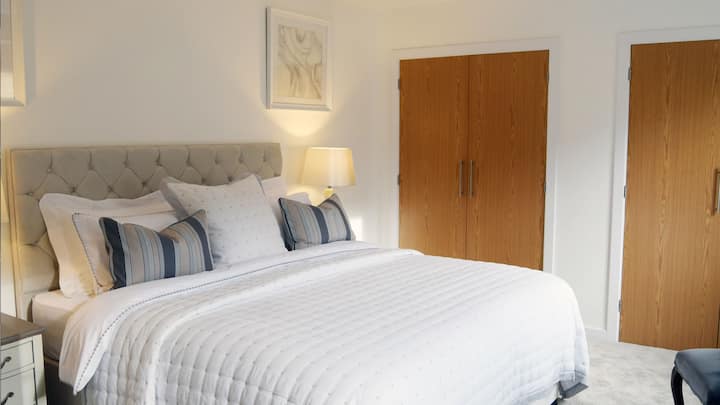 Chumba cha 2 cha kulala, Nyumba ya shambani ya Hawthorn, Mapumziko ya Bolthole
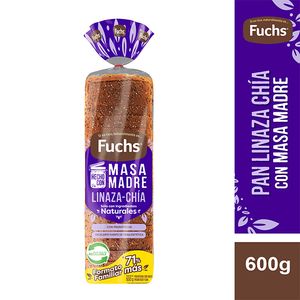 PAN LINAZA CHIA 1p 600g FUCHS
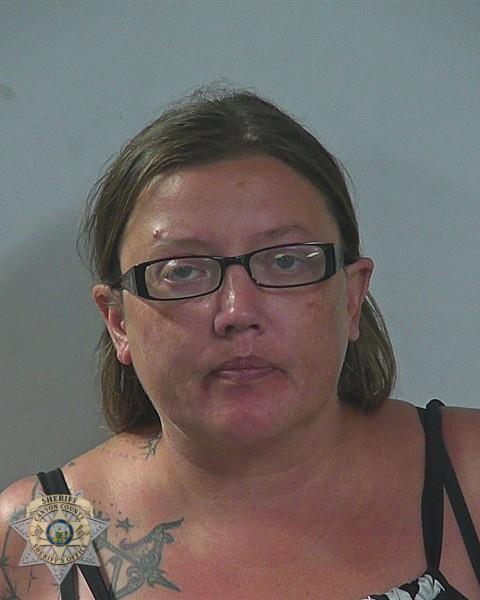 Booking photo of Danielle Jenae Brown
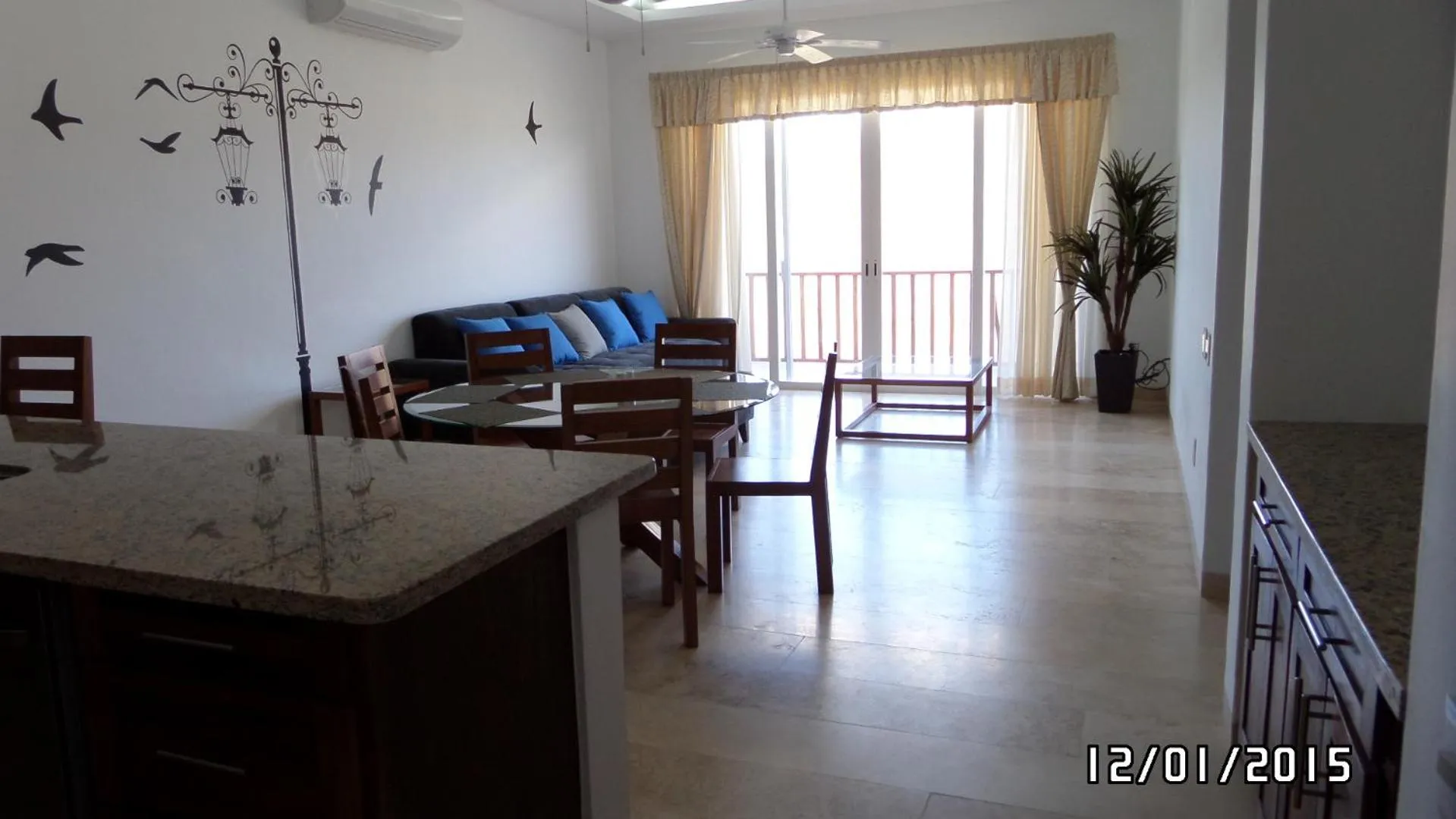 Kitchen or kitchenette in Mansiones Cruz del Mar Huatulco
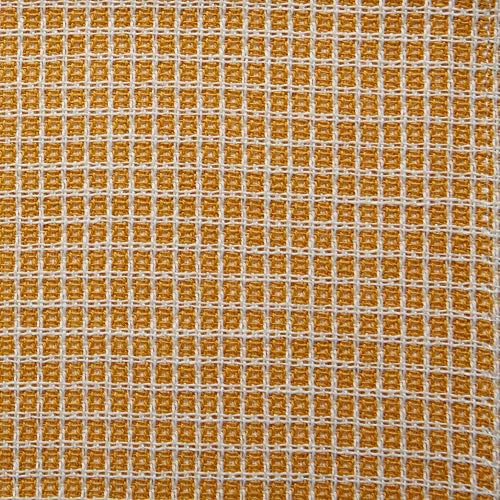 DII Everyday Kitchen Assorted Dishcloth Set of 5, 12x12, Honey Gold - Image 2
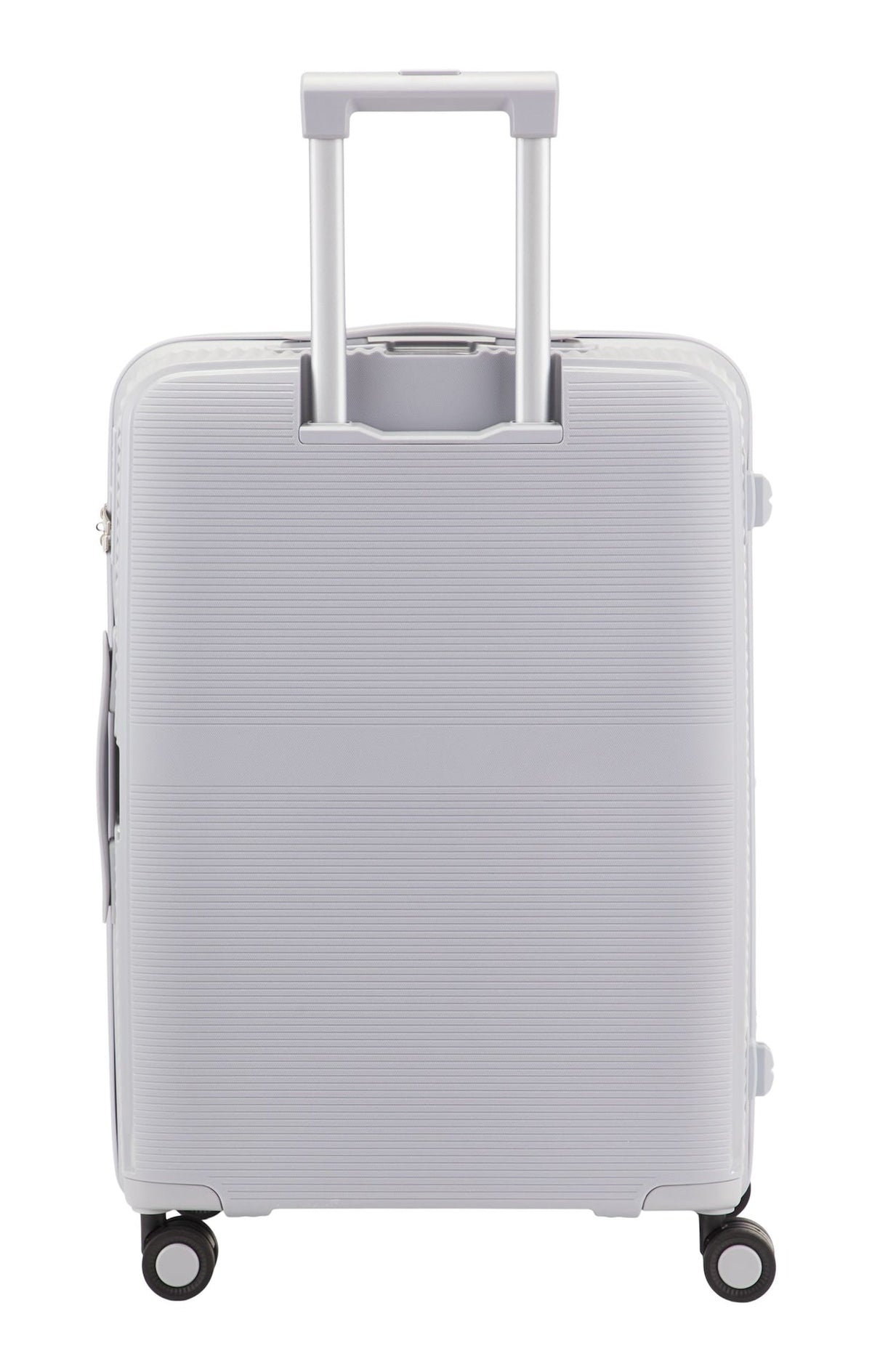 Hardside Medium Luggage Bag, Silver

==

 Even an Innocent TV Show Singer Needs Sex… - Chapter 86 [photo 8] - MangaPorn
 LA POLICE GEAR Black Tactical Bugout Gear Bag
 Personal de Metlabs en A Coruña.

WORK ORDER
Return exactly the stretch above whose first line contains "Chumba cha 2" and whose last line contains "Kitchen or kitchenette", and nothing outside it. The pictures should not appear.

TASK SOLUTION
 Chumba cha 2 cha kulala, Nyumba ya shambani ya Hawthorn, Mapumziko ya Bolthole
 PAN LINAZA CHIA 1p 600g FUCHS
 Booking photo of Danielle Jenae Brown
 Kitchen or kitchenette in Mansiones Cruz del Mar Huatulco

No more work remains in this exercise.